En mi mente se mantienen frescos los calientes “pitenes” de quimbumbia, a la mano, a la chapa y al taco, disputados en el placer del barrio, que en ocasiones terminaban en reyertas entre amigos.
Recuerdo con agrado los incipientes planes de la calle donde no faltaban entre otras disímiles iniciativas, la carrera en sacos y las pruebas LPV, que incluían el difícil ascenso “por la soga” sin nudos.
Como a muchos, me impactaron las primeras Vueltas Ciclísticas a Cuba y sobre todo cuando en la Calle Real (Carretera Central) esperábamos ansiosos el cruce de la caravana. Llegado el fin de semana “imitábamos” al inolvidable “Pipián” Martínez en carreras por los caminos que recorríamos en busca de frutas y peces; con la salvedad de que generalmente, la cantidad de “ciclistas” triplicaba las bicicletas.
Algo más íntimo, pero imperecedero y que se agradece en el transcurrir de la vida, fue la llamada de atención que me hiciera Abejita en un aparte de la secundaria. Mi infantil inmadurez de aquel entonces, no alcanzaba para comprender cómo un muchacho de similar edad que se iniciaba en los trajines de la anotación deportiva, me explicaba de una forma tan responsable, las implicaciones de un actuar fraudulento, al jugar como “forro” en el equipo juvenil de la localidad de Corralillo.
Con similar simpatía e incipiente sentido de su significado histórico, forjado en las enseñanzas de mis primeros maestros (Leo y el matrimonio Caridad-Humberto), me impactaron las históricas actuaciones del equipo de béisbol al Mundial del 61 y de la delegación del Cerro Pelado en los Centroamericanos de 1966; como resultado de una combinación perfecta entre relevantes triunfos deportivos y una carga patriótica que trascendería en el tiempo, sirviendo de inspiración y ejemplo a sus futuros continuadores.
Sin embargo, es la visión de una secuencia fotográfica de un rocambolesco y estrepitoso “deslizamiento” del legendario pelotero Pedro Chávez (por demás, integrante de ambas comitivas), de cuyo autor desconozco su nombre; —pero que bien pudo ser uno de los grandes como Panchito— publicada en Bohemia y tomada durante un desafío efectuado en el Latino, correspondiente a una de las incipientes series nacionales, el momento justo que considero el primer flechazo “cupidesco” que me enganchó por siempre al deporte. En dicha secuencia se aprecia como luego de un traspié, a más de 15 pies del “Jon”, dando tumbos y casi a rastras, anota una carrera que pudo o no ser decisiva para alcanzar el triunfo; pero sí una muestra fehaciente de entrega, perseverancia y amor por la chamarreta que se defiende.
Son pocos los deportistas estelares que he tenido oportunidad de conocer, si es que unos minutos de conversación informal, como ha sido en la mayoría de los casos, merecen ese calificativo.

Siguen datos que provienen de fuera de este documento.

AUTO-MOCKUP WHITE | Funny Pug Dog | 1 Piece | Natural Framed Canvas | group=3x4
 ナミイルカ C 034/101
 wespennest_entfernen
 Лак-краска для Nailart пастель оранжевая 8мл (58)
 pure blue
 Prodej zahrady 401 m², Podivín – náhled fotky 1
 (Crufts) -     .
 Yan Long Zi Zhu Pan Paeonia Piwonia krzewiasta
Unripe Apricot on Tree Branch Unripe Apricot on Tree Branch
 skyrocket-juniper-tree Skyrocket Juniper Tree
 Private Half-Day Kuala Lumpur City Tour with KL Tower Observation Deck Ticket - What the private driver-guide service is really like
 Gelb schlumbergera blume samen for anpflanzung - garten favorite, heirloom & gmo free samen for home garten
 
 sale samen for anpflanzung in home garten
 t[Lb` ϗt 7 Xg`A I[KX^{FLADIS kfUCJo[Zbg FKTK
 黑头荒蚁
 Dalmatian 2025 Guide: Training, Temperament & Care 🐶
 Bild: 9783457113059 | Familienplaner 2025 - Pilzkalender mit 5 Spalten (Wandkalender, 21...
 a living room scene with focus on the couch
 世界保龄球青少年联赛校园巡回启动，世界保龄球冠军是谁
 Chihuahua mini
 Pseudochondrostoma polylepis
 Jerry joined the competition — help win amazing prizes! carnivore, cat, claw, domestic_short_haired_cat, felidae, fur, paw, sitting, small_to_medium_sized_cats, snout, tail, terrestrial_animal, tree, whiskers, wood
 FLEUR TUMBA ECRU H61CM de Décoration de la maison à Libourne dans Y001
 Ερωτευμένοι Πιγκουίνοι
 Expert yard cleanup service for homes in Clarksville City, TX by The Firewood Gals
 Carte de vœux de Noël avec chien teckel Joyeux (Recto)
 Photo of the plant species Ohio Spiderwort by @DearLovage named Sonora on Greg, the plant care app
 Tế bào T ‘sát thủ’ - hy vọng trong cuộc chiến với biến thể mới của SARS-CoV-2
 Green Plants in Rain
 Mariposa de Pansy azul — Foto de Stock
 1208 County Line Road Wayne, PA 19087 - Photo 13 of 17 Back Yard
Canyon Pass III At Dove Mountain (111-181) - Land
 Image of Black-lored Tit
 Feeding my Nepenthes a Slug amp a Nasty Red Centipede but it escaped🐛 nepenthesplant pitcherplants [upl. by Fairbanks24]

Entre otros, Stevenson, Juantorena, Ana Fidelia, Garbey, Regla Torres, Cepeda, Lazo y Puente. No obstante, en esos diminutos espacios de tiempo, se percibe cuánto hay de similitud entre los valores puestos de manifiesto en aquel “deslizamiento” y la calidad deportiva demostrada durante años por estos y disímiles atletas más, en diferentes escenarios.
Con Chávez nunca he tenido esa oportunidad. A Abejita (de nombre Juan Pérez según Arnelio Álvarez de la Uz, quien mucho tiempo después, me aclaró no ser el promotor de aquella “charla”), no lo he visto en decenios. Del fotógrafo, ni siquiera puedo precisar su nombre.
Pero más allá de lo anecdótico o trascendencia social de lo narrado; o lo que otro(a)s,a partir de sus vivencias personales pudieran citar, es innegable que el deporte constituye fuente inagotable de mejoramiento humano; y que cualquier suceso por irrelevante que resulte, relacionado con su práctica, pura afición o vínculo profesional nos puede “sembrar” un eterno flechazo de Cupido.